That said WG21 and WG14 don't seem to be able to get the memo that safety is more important than single core speed. Or as I suspect a bunch members are actually malicious.
Technically any new feature that requires backend support is an additional burden on backend devs. There's nothing special about constant-time builtins in this respect.
> since if they implemented it naively
Strictly speaking, whether an implementation is naive is independent of whether it is correct. An implementation that purports to be constant time while not actually being constant time is wrong, no matter how naive or sophisticated the implementation may be.
In some cases it might be necessary to consider the possibility of invalid memory accesses (and avoid the side-channels when doing so). (The example given in the article works around this issue, but I don't know if there are any situations where this will not help.)

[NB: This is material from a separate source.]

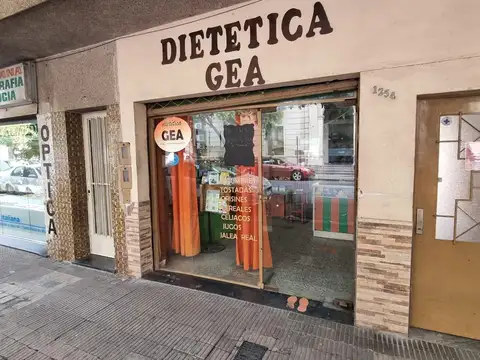Local en Alquiler en Barrio España y Hospitales, Rosario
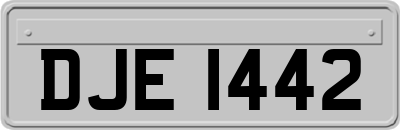 DJE1442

> The CMOVcc instruction runs in time independent of its arguments in all current x86 architecture processors. This includes variants that load from memory. The load is performed before the condition is tested. Future versions of the architecture may introduce new addressing modes that do not exhibit this property.
The list includes CMOV.
However, the instructions from the list are guaranteed to have constant execution time, even on any future CPUs, only if the operating system sets a certain CPU control bit.
So on recent and future Intel/AMD CPUs, one may need to verify that the correct choice has been made between secure execution mode and fastest execution mode.
#pragma GCC optimize ("O0")With "-O0", the generated code normally retains a huge number of useless register loads and stores, which lead to non-deterministic timing due to contention in the use of caches and of the main memory interface. Optimized code may run only inside registers, being thus executed in constant time regardless of what other CPU cores do.
The only good part is that this non-deterministic timing will not normally depend on the data values. The main danger of the non-constant execution time is when this time depends on the values of the processed data, which provides information about those values.
There are cases when disabling optimization may cause data-dependent timing, e.g. if with optimization the compiler would have chosen a conditional move and without optimization it chooses a data-dependent branch.
The only certain way of achieving data-independent timing is to use either assembly language or appropriate compiler intrinsics.